The first four-page edition of the Financial and Mining News appeared on 23 January 1884. It adopted the shorter title, Financial News, that July. Founder Harry Marks imported techniques he had learned in the United States which was to target those offering questionable investment schemes. His intention was that his paper should be known for campaigning.

The newspaper scored an early significant success in exposing corruption in local government. Marks himself was one of the main authors of a series of articles that began appearing on 25 October 1886 and carried on for nearly a year. The newspaper uncovered the involvement of officials and members of the Metropolitan Board of Works that ran local government services in London in schemes to personally enrich themselves. However, the early years saw the company frequently summoned to the law courts to defend libel actions. There were three major cases between 1888 and 1890.

The paper gained a rival when the Financial Times, published by Horatio Bottomley, appeared in 1888. The two papers frequently attacked each other's advertisers, and criticised the investment schemes the other promoted, until a truce was worked out after a bad-tempered dispute over "the Nitrate King" Colonel J. T. North who was developing the Nitrate Railway in South America. After that they continued as competitors, but with a nature of friendly rivalry.
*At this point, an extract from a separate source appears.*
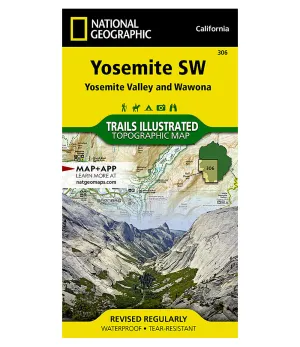 Yosemite SW-Yosemite Valley and Wawona Map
It was a financially successful venture. Marks noted the company on the stock market in March 1898, with the understanding that he would continue as editor. Its success continued, and at the ordinary general meeting in January 1911, the company announced a dividend and bonus amounting to 35% on ordinary shares. The announcement brought cheers. The paper was among those that exposed the details of the Marconi scandal.

===Marks' departure===
Handing over the editorship in 1909 to Ellis Powell, Marks remained the controlling influence as proprietor. He suffered increasing bouts of ill-health due to gout and had at least one stroke in 1915. He was forced to cease any active involvement in the newspaper and died in December 1916. Although he left his interest to a nephew, the existing board fought off his attempts to take control. The Marks estate was eventually sold in 1919, and most of the Financial News shares were bought by John Jarvis. In 1926 it was sold again to the Trireme Trust. Jarvis remained as chairman. However, the mounting losses of the Morning Post, which the Trust also owned, forced another sale in 1928. During this period it absorbed one major rival, the Financier and Bullionist.

===Brendan Bracken===
The new ownership was put together by Brendan Bracken, who had been elected to the board of Eyre & Spottiswoode. Bracken persuaded the board to buy the Financial News and then bought a number of other publications (the Investors Chronicle and a half-share in The Economist among them). Bracken himself took responsibility for the Financial News. Circulation rose in the early 1930s, but the Financial Times was still selling about three or four times as many copies. In spring 1937 sales hit 10,000, but only briefly.

When Adolf Hitler was appointed Chancellor of Germany, the Financial News lead heading was "Heil Hitler!". It argued that Hitler was the prisoner of the non-Nazi majority in his government, and that the Nazis were highly unlikely to "attempt to base their power on armed forces". However, the paper soon changed its line, arguing at the time of the remilitarization of the Rhineland that a stand would have to be taken against German military aggression. Hargreaves Parkinson became editor in 1938.

===Merger and closure===
During the Second World War, Bracken became close to Lord Camrose, the proprietor since 1919 of the Financial Times. The two privately agreed to raise their advertising rates to protect their finances, and eventually agreed that the other would have first option if one wanted to sell. Towards the end of the war, Camrose decided to sell the Financial Times, and arrangements for a merger were put in place. The financial deal was a complex one. The Financial News raised the finances to buy a controlling interest in the Financial Times by selling its own offices and investments and by a share issue. Financial News made up the full amount by selling the copyright and goodwill of the Financial News to Financial Times. Camrose himself bought some Financial News shares to help the deal along.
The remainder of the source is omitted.